Some approaches to teaching linear algebra define nonsingular matrices before broaching matrix invertibility. This will just add is_singular, with some changes to the associated documentation. thus making it a bit easier for Sage usage to follow one possible development of the topic.

Attachments (1)

trac_10454-matrix-is-singular.patch (2.8 KB) - added by rbeezer 10 years ago.

Download all attachments as: .zip

Change History (11)

comment:1 follow-up: Changed 10 years ago by jason

Do you think it might be better to add the positive phrasing, m.is_singular(), rather than the negative nonsingular version?

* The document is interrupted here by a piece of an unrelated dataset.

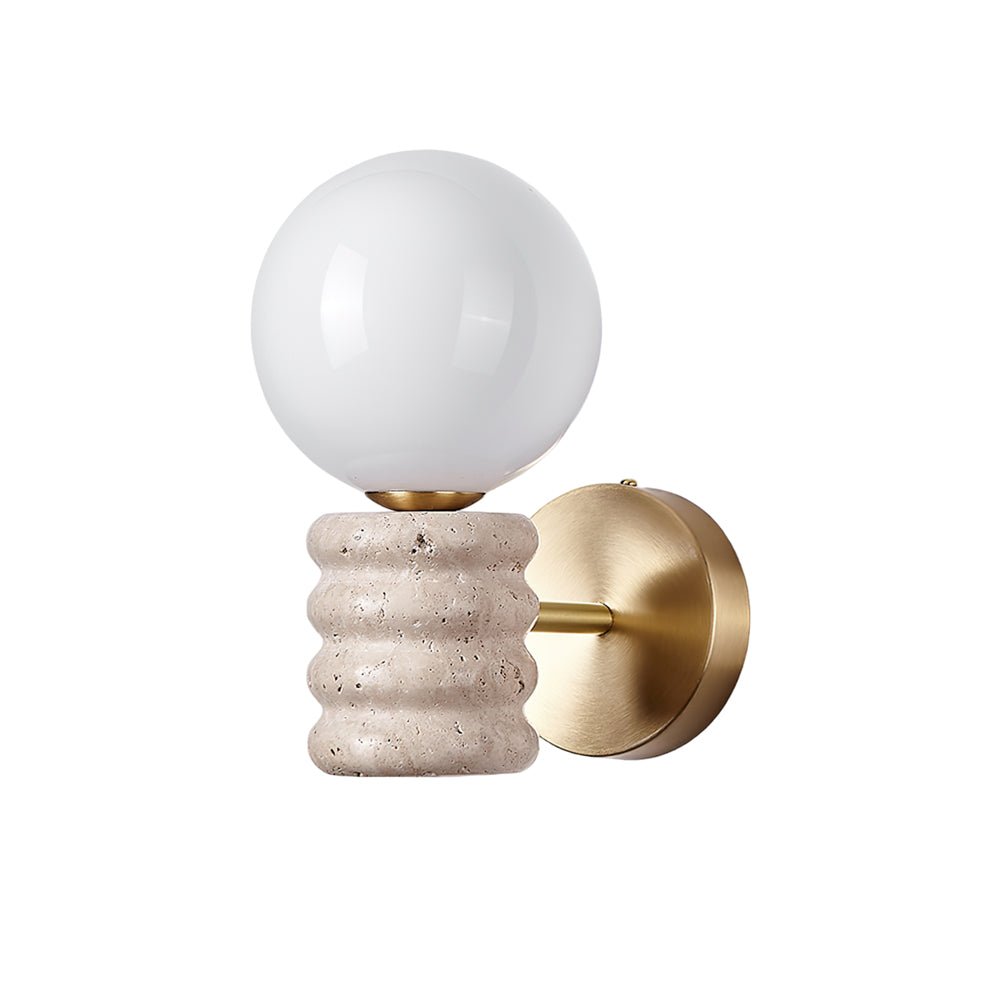 Wall Light Fixture in Travertine with Gold Detailing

comment:2 in reply to: ↑ 1 Changed 10 years ago by rbeezer

Replying to jason:

Do you think it might be better to add the positive phrasing, m.is_singular(), rather than the negative nonsingular version?

I had that thought. It would then no longer be an alias, which means (a) the documentation could be separate from invertibility, and (b) it would only need to be done once (is_invertible is defined twice). Does it work for users/students? I like to define nonsingular, but there is no real good reason for that, I guess. What's your preference?

comment:3 follow-up: Changed 10 years ago by jason

My advisor (who was a very good writer) taught me that when you are talking about matrices with determinant zero, and that is the focus, you should use "singular", and when you are talking about matrices with nonzero determinant, and that is the focus, you should use "invertible". This was to avoid confusing the reader with too many negatives. So I think having m.is_singular() and m.is_invertible() is a nice combination. It's easy to say "to check if a matrix is nonsingular, see if m.is_singular() is false".

Personally, I use "invertible" when talking about invertible matrices, so I guess it isn't that huge of a deal. I just thought things could be clearer by not putting a negatively-phrased is_* method in there.

comment:4 in reply to: ↑ 3 Changed 10 years ago by rbeezer

Replying to jason:

Sounds very good to me. I'll likely take this approach.

comment:5 Changed 10 years ago by jason

I guess the other philosophy at play here is that typically, is_* functions determine what an object *is*, not what it is not. There probably are exceptions, though...

Changed 10 years ago by rbeezer

comment:6 Changed 10 years ago by rbeezer

  • Status changed from new to needs_review

It is never what it seems. Over a commutative ring, the right thing to do is to define is_singular() to be the condition that the matrix has a zero determinant.

So this needs to be a new method, it is better stated as the positive version, and it is more than just a convenience.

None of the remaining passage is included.